The prison is not actually the usual prison we often see in drama series, the prison is actually a part of the usual prison where in the inmates are in minor age. I remembered my first impression when I entered the facility “I should behave, these guys might do bullying and I can’t fight with them as they can still do harm on me” but I swallowed what I just said as the guys were all polite and respectful, I wonder how they were taught with such conduct inside the jail.
The event was actually filled with program and I have been actively participating with the games cooperating with my team mates who were actually inmates and exchanging humors with them as if I’m their age and it’s really a nice thing having a bond with these kids, well I mean it I have regrets for them telling myself ‘if only these kids just never did those things that let them put into that four cornered jail at least they can still fulfill their dreams somehow’

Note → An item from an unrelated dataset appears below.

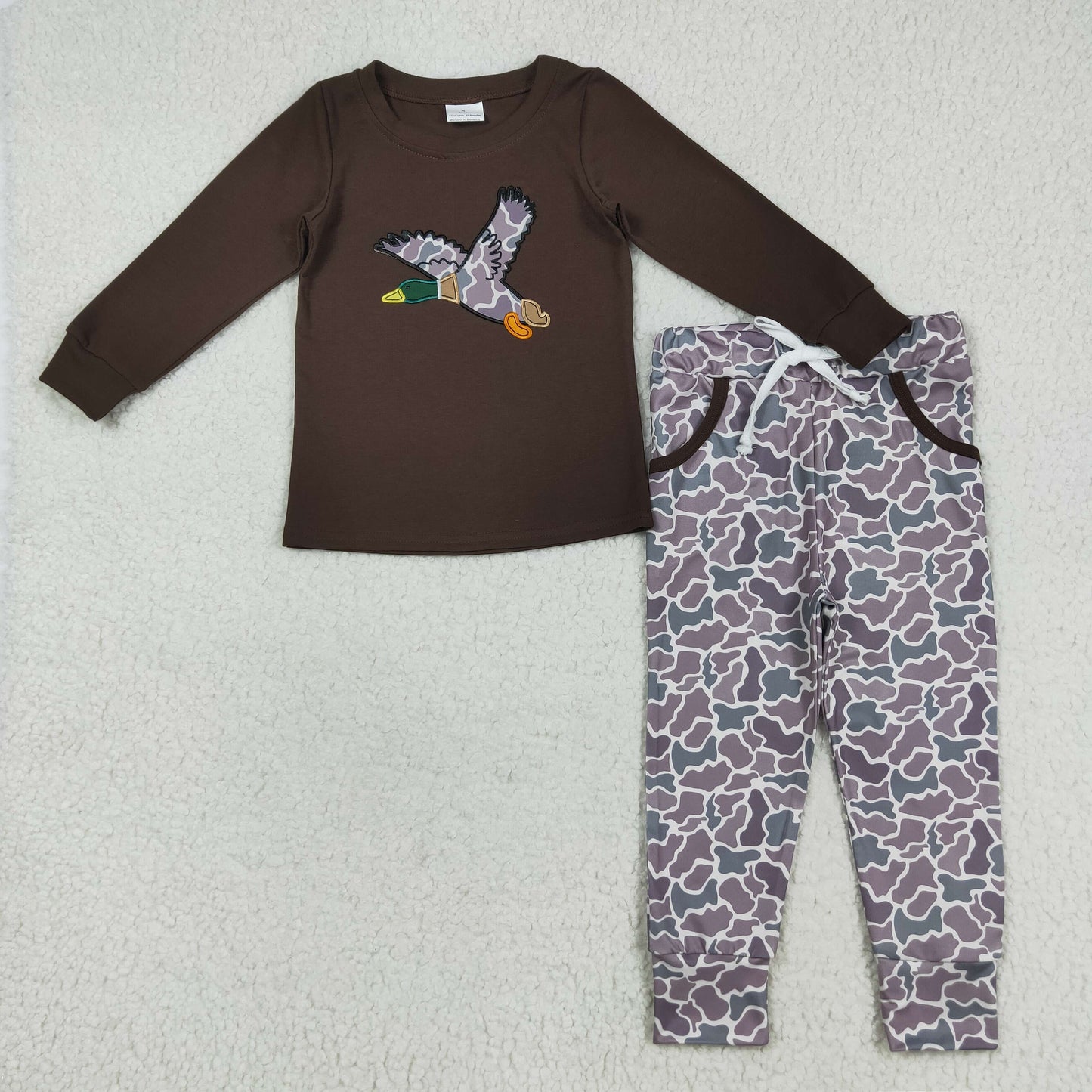 BLP1123 duck camo embroidery western boy pajamas outfit 202508 RTS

I wanted to help them actually, but I am not a lawyer, I am not even a rich man to provide them one, I can’t support them as I lack funds, my capabilities to helps was very limited but I know there’s a thing that might help them and I think that would be through interacting with them as if telling them that they still had a friend who is concern and who is willing to be there for them and of course through our prayers.
I will definitely be active with this project, my hearts urges me to serve them with the best way I can and share the blessings that I am continuously having so far.
Look how fortunate are we, we are free to do the things we all wanted but let us bear in mind that we must accountable in everything we are doing and we don’t have to be in jail just to realize how lucky we were.